INPUT RECORDS:
==================================================

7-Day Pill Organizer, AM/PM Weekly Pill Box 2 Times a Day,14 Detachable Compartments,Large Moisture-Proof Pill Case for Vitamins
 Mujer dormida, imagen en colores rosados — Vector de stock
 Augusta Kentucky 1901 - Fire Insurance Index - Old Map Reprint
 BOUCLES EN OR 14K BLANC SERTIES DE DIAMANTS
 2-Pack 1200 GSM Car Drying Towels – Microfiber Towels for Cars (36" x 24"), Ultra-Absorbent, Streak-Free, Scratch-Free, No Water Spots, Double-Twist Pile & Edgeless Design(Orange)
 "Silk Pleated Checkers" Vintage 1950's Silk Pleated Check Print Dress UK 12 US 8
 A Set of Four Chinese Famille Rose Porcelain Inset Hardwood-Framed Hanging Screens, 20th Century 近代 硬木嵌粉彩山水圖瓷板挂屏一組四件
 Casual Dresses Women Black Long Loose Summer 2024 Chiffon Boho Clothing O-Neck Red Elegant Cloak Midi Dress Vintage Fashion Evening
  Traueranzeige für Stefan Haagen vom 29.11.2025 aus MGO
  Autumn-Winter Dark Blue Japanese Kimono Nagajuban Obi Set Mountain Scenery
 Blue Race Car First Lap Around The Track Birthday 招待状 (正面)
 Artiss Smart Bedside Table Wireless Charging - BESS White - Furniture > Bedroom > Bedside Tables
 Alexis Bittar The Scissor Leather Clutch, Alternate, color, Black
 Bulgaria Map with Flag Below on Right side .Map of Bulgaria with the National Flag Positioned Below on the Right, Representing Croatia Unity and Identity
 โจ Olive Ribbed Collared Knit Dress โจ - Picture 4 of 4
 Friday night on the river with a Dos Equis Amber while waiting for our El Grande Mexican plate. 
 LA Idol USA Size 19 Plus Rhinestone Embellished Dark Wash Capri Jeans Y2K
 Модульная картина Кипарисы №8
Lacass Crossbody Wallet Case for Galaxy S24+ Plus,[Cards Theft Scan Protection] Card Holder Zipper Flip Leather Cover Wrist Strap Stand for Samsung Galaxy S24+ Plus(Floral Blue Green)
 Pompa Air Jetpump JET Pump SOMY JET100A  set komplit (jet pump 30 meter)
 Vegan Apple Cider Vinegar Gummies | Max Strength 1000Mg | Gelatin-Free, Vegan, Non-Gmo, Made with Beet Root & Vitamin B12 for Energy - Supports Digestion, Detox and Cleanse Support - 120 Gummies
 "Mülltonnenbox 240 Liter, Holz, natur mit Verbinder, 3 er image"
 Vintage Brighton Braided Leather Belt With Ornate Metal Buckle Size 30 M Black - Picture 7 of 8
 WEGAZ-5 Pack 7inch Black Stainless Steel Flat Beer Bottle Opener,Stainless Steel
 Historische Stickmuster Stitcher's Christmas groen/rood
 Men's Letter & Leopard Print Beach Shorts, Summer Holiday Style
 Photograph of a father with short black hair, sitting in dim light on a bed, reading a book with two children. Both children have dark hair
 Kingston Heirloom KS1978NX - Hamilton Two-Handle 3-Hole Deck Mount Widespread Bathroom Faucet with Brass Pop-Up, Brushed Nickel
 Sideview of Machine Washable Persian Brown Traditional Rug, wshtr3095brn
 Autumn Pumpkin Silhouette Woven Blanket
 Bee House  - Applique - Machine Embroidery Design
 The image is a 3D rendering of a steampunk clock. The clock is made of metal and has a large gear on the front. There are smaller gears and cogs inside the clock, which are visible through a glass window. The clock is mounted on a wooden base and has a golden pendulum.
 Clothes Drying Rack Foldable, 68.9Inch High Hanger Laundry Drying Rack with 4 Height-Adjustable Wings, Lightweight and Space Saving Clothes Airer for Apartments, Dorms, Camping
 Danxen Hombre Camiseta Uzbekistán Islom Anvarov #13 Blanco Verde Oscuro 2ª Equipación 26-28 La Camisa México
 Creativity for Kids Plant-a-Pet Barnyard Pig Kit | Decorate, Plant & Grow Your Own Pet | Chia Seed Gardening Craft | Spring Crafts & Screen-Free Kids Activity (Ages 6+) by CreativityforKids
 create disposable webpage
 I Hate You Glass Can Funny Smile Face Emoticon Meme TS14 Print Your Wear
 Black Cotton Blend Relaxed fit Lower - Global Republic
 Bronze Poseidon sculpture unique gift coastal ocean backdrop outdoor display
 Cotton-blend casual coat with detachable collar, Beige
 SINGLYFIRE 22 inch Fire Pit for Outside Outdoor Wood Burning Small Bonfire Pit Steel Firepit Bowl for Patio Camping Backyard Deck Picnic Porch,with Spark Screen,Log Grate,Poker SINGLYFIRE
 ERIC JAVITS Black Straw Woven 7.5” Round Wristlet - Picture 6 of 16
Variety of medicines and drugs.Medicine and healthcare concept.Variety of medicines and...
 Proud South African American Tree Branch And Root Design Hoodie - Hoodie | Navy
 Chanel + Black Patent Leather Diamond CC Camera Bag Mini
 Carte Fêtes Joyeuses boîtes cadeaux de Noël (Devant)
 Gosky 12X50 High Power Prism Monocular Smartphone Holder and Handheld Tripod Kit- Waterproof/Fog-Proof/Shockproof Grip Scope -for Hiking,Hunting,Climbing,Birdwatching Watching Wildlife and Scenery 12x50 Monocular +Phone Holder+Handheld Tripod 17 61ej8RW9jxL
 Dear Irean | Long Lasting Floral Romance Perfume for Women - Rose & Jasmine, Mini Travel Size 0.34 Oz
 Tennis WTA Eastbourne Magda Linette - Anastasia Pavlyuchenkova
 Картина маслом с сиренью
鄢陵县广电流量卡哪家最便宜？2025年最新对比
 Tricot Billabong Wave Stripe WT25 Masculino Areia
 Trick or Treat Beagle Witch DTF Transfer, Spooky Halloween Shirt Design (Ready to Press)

==================================================

WHAT IS NEEDED: Every line in the records above that contains the word "Fire" is to be copied out.

REPLY:
 Augusta Kentucky 1901 - Fire Insurance Index - Old Map Reprint
 SINGLYFIRE 22 inch Fire Pit for Outside Outdoor Wood Burning Small Bonfire Pit Steel Firepit Bowl for Patio Camping Backyard Deck Picnic Porch,with Spark Screen,Log Grate,Poker SINGLYFIRE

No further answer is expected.